If you’re familiar with the schema of the source data files, you can create additional virtual columns as expressions by using the VALUE column and the METADATA$FILENAME or METADATA$FILE_ROW_NUMBER pseudocolumns. When the external data is scanned, the data types of any specified fields or semi-structured data elements in the data file must match the data types of these additional columns in the external table. This requirement enables strong type checking and schema validation over the external data.

General file sizing recommendations¶

To optimize the number of parallel scanning operations when you query external tables, we recommend the following file or row group sizes per format:

Format	Recommended size range	Notes
Parquet files	256 - 512 MB
Parquet row groups	16 - 256 MB	When Parquet files include multiple row groups, Snowflake can operate on each row group in a different server. For improved query performance, we recommend sizing Parquet files in the recommended range; or, if large file sizes are necessary, including multiple row groups in each file.
All other supported file formats	16 - 256 MB

For optimal performance when querying large data files, create and query materialized views over external tables.

Partitioned external tables¶

We strongly recommend partitioning your external tables, which requires that your underlying data is organized using logical paths that include date, time, country, or similar dimensions in the path.
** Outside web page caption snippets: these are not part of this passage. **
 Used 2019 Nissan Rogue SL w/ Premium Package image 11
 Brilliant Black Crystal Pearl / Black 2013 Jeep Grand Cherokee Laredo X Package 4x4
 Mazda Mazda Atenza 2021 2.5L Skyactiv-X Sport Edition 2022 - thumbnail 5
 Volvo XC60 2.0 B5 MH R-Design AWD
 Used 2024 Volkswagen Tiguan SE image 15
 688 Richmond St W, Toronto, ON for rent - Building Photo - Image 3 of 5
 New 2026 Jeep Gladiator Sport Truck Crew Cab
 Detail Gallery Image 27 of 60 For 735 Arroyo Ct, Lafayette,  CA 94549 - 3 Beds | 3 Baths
Partitioning divides your external table data into multiple parts using partition columns.

An external table definition can include multiple partition columns, which impose a multi-dimensional structure on the external data. Partitions are stored in the external table metadata.

Partitioning improves query performance. Because the external data is partitioned into separate slices or parts, query response time is faster when processing a small part of the data instead of scanning the entire data set.

Based on your individual use cases, you can do either of the following:

Add new partitions automatically by refreshing an external table that defines an expression for each partition column.
Add new partitions manually.

Partition columns are defined when an external table is created, using the CREATE EXTERNAL TABLE … PARTITION BY syntax. After an external table is created, the method by which partitions are added can’t be changed.

The following sections explain the different options for adding partitions in greater detail. For examples, see CREATE EXTERNAL TABLE.

Partitions added automatically¶

An external table creator defines partition columns in a new external table as expressions that parse the path or filename information stored in the METADATA$FILENAME pseudocolumn. A partition consists of all data files that match the path or filename in the expression for the partition column.

The following CREATE EXTERNAL TABLE syntax adds partitions automatically based on expressions:

CREATE EXTERNAL TABLE
  <table_name>
     ( <part_col_name> <col_type> AS <part_expr> )
     [ , ... ]
  [ PARTITION BY ( <part_col_name> [, <part_col_name> ... ] ) ]
  ..

Copy

Snowflake computes and adds partitions based on the defined partition column expressions when external table metadata is refreshed. By default, the metadata is refreshed automatically when the object is created. In addition, the object owner can configure the metadata to refresh automatically when new or updated data files are available in the external stage. The owner can alternatively refresh the metadata manually by executing the ALTER EXTERNAL TABLE … REFRESH command.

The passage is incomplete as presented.